Desde la más remota antigüedad el ser humano ha querido rodearse de elemento que por su simbolismo o por su belleza le inspirasen en la vida cotidiana o en momentos especiales o importantes.
Este “instinto” del alma nos ha llevado siempre a buscar las mejores creaciones humanas, y en esa búsqueda, a reproducir las más grandes
obras de arte, toda vez que son irrepetibles o ya no viven sus creadores. Y esto se ha producido en la escultura, la pintura, la arquitectura o la música.
De la reproducción (diremos interpretación) de las grandes obras musicales se llenan nuestros conciertos. Y es la posibilidad de reproducción lo que nos permite convivir casi a diario si quisiéramos con un Mozart, por ejemplo.
También los romanos reprodujeron las obras de los griegos cuyo canon de belleza todavía sigue despertando nuestras fibras interiores.
Se conocen figuras egipcias realizadas amasando granito molido en moldes.
También son innumerables las reproducciones en bronce que se han realizado sobre sus piezas originales en muchas épocas.
Fue el museo del Louvre en época napoleónica el que inició una escuela de vaciados y reproducciones que pronto copiaron todos los museos del mundo. En España contamos un un extraordinario museo de Reproducciones en Bilbao.

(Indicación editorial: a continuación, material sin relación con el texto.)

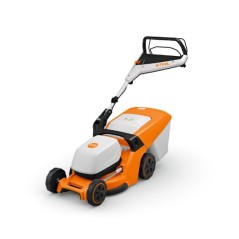 Tagliaerba a batteria AK STIHL RMA443V larghezza taglio 41 cm cesto 52 L | Newgardenstore.eu
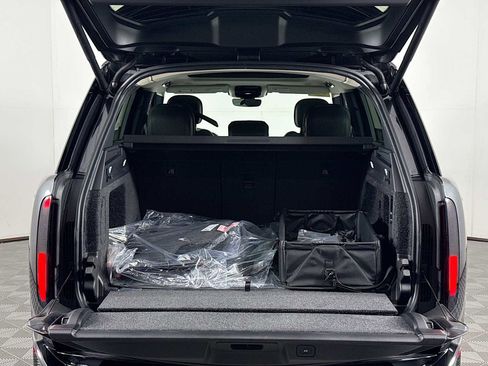 New 2026 Land Rover Range Rover SE image 26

Hay reproducciones arqueológicas y artísticas de una singular perfección. Recrean texturas, densidades, envejecidos etc. Y todo ello hace de una buena reproducción una pieza de creciente valor con el paso de los años.

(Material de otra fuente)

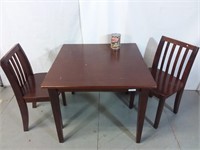 Table et 2 chaises pour enfant Delta Canada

Pero más allá de su poder considerarse una inversión está el valor estético, cultural y emocional que aporta; la posibilidad de poder disfrutar de obras solo asequibles en los museos.
Una buena reproducción no es falsa si no intenta engañar a nadie, más bien al contrario, es una autentica recreación cuando es fiel al espíritu con que nació la “obra madre” y nos proporciona similares sensaciones recordándonosla.